Entries taken from a collection:
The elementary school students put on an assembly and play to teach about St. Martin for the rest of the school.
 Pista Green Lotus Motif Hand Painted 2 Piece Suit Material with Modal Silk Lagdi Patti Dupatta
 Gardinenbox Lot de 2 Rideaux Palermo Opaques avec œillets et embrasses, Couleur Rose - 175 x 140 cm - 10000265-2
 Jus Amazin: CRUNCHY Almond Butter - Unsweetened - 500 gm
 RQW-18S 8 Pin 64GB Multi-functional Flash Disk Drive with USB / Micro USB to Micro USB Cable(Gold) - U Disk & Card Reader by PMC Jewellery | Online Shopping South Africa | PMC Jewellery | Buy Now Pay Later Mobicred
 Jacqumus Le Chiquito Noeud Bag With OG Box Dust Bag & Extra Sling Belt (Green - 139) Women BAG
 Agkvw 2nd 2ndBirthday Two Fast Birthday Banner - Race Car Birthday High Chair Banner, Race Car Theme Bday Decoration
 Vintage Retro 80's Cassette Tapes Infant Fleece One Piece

**What needs to be done**: For each line in the records that contains the word "Piece", make a copy.

**Solution to this exercise**:
 Pista Green Lotus Motif Hand Painted 2 Piece Suit Material with Modal Silk Lagdi Patti Dupatta
 Vintage Retro 80's Cassette Tapes Infant Fleece One Piece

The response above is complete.